→ **WORK ITEM**: Make an exact copy, from the records below, of the lines from the line containing "48343 Range Road" to the line containing "Phó Thủ tướng", both lines included, excluding pictures.

[Opening SOURCE INFORMATION section]

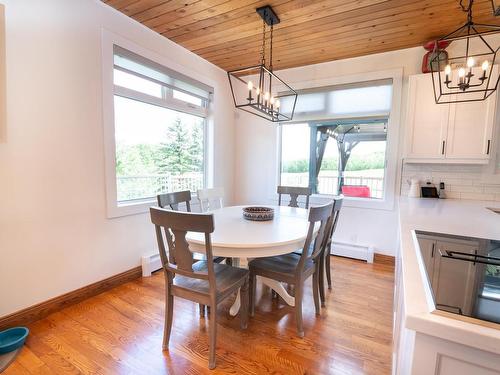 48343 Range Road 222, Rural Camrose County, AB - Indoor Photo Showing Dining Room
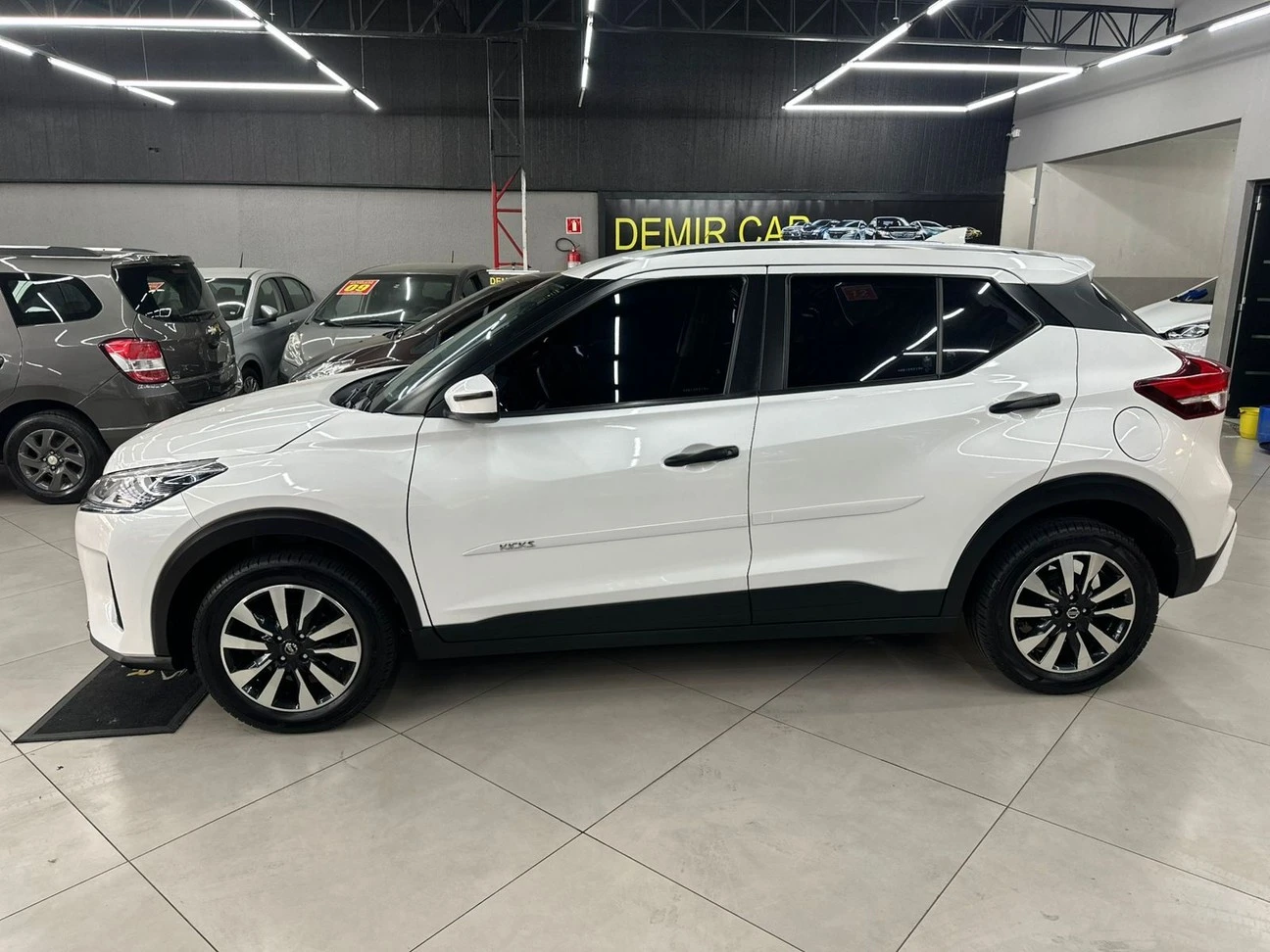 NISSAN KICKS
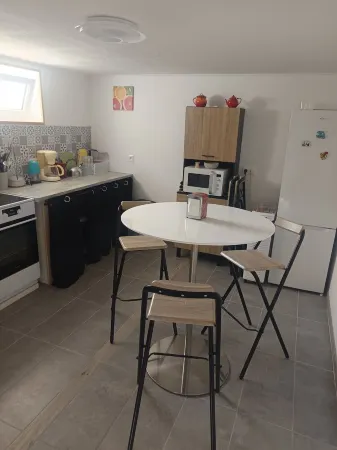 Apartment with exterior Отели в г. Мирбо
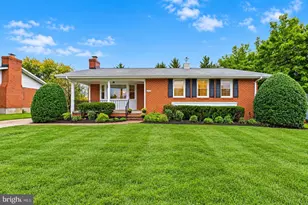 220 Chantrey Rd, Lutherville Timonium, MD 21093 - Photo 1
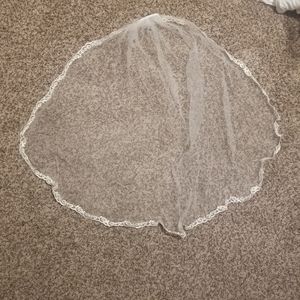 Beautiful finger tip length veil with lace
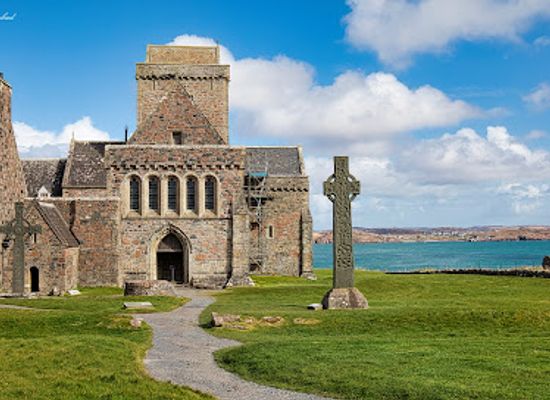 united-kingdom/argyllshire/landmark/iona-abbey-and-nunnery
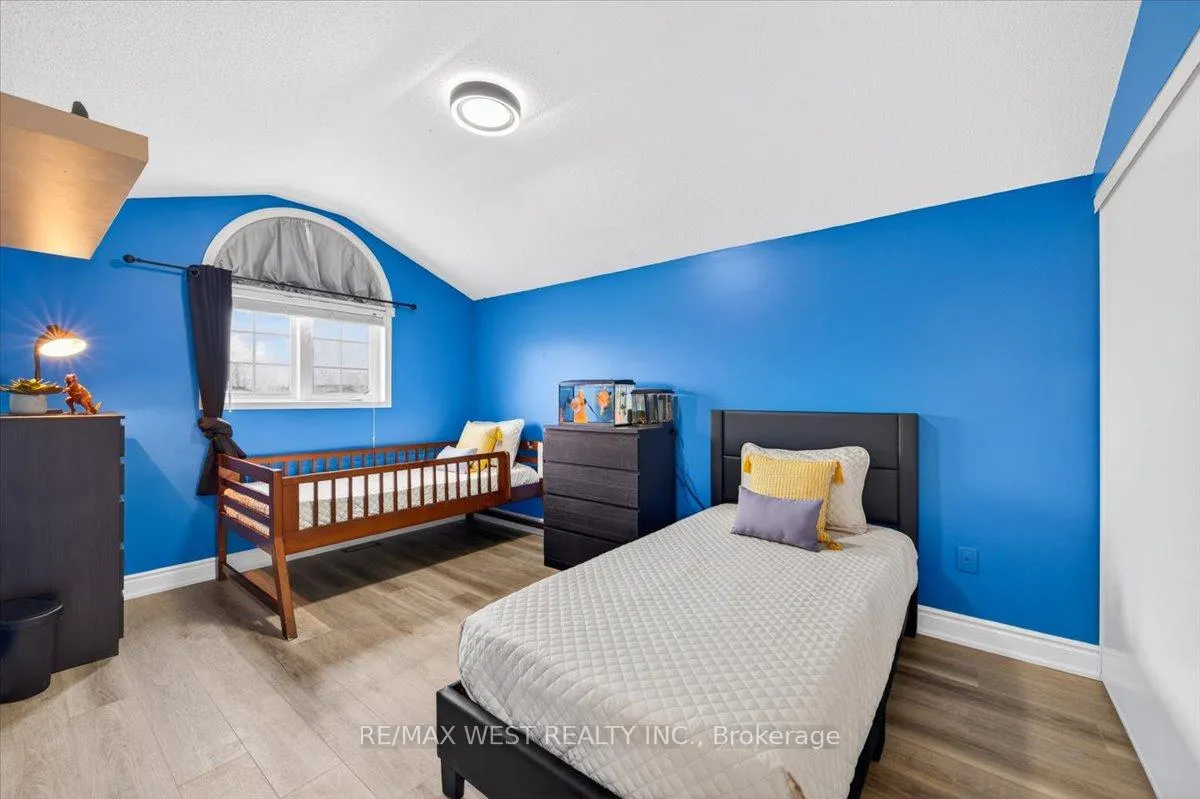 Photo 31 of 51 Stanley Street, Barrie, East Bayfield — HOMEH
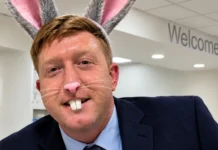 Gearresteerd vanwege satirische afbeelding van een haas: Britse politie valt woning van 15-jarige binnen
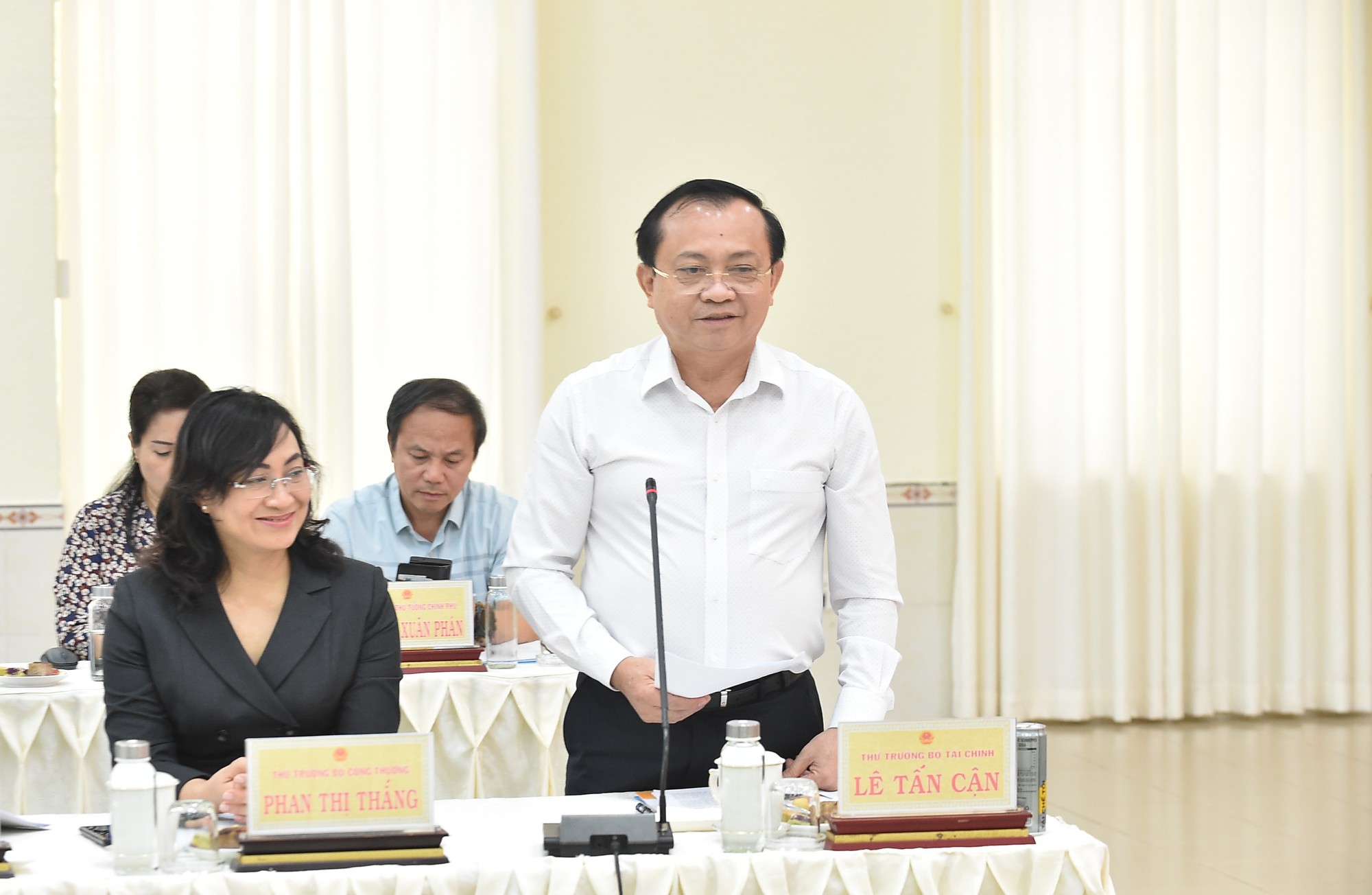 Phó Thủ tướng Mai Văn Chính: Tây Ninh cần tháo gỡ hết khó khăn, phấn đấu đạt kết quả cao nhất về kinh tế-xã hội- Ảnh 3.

[Closing SOURCE INFORMATION section]
[Opening SOURCE INFORMATION section]

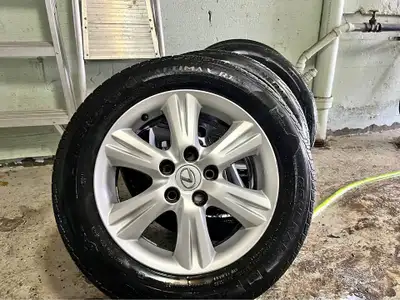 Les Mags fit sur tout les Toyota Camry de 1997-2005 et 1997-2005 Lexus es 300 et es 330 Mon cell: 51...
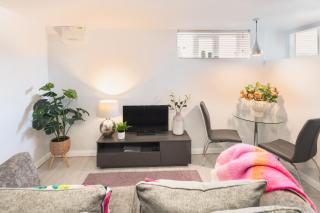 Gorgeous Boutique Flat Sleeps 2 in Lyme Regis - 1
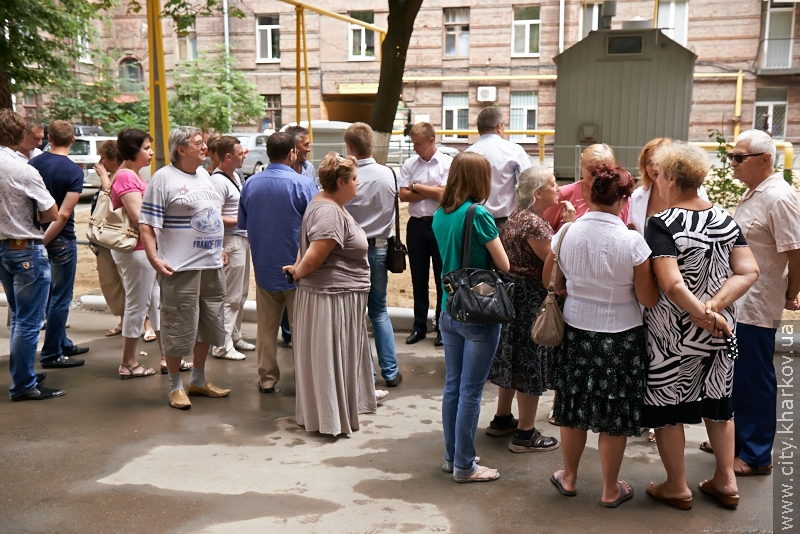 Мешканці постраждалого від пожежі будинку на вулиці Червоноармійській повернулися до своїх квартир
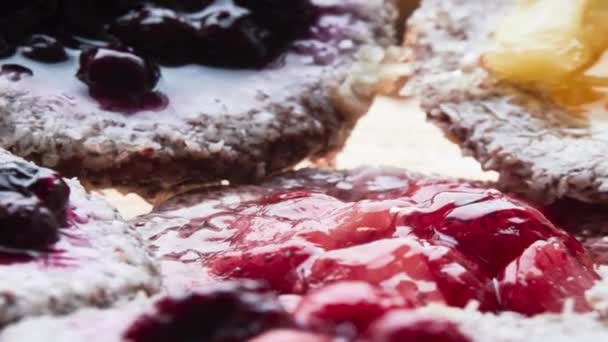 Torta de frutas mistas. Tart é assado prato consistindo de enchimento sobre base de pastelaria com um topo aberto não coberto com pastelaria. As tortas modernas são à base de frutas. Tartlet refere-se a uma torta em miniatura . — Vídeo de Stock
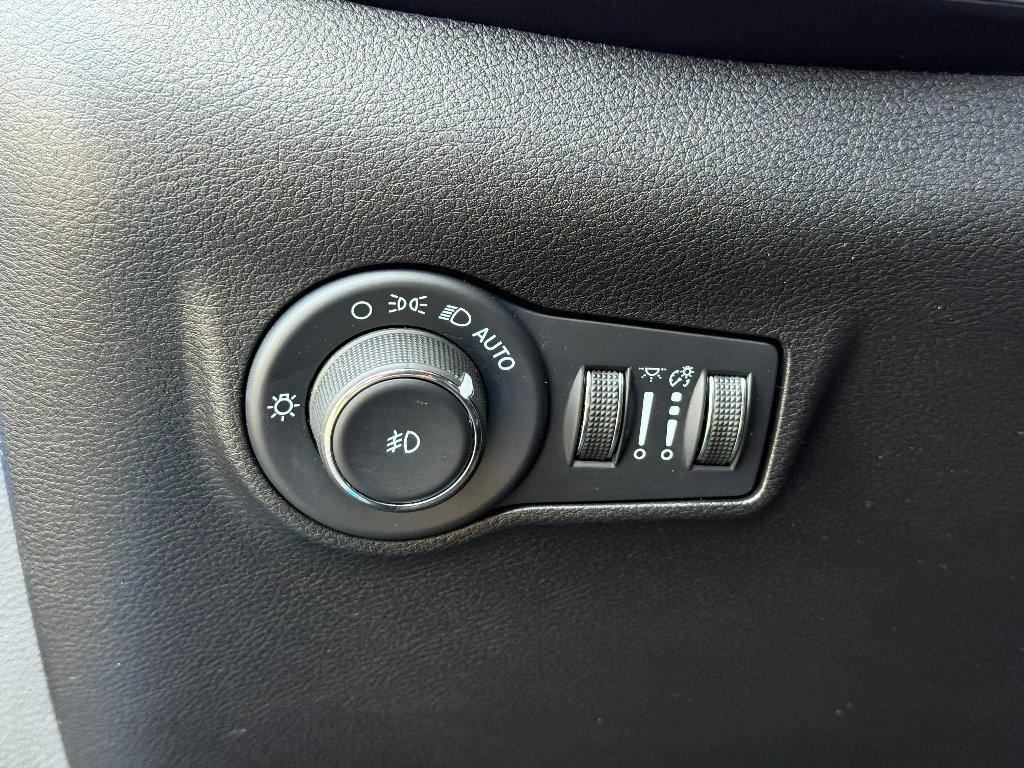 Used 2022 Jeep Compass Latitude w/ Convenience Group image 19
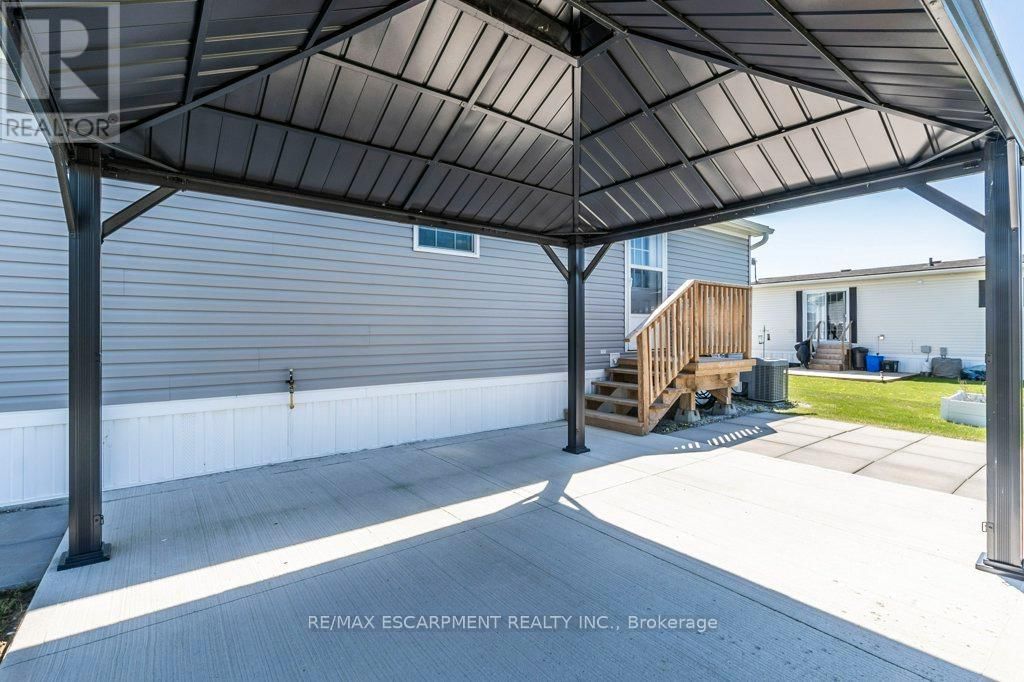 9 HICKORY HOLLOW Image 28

[Closing SOURCE INFORMATION section]

→ **TASK RESPONSE**:
 48343 Range Road 222, Rural Camrose County, AB - Indoor Photo Showing Dining Room
 NISSAN KICKS
 Apartment with exterior Отели в г. Мирбо
 220 Chantrey Rd, Lutherville Timonium, MD 21093 - Photo 1
 Beautiful finger tip length veil with lace
 united-kingdom/argyllshire/landmark/iona-abbey-and-nunnery
 Photo 31 of 51 Stanley Street, Barrie, East Bayfield — HOMEH
 Gearresteerd vanwege satirische afbeelding van een haas: Britse politie valt woning van 15-jarige binnen
 Phó Thủ tướng Mai Văn Chính: Tây Ninh cần tháo gỡ hết khó khăn, phấn đấu đạt kết quả cao nhất về kinh tế-xã hội- Ảnh 3.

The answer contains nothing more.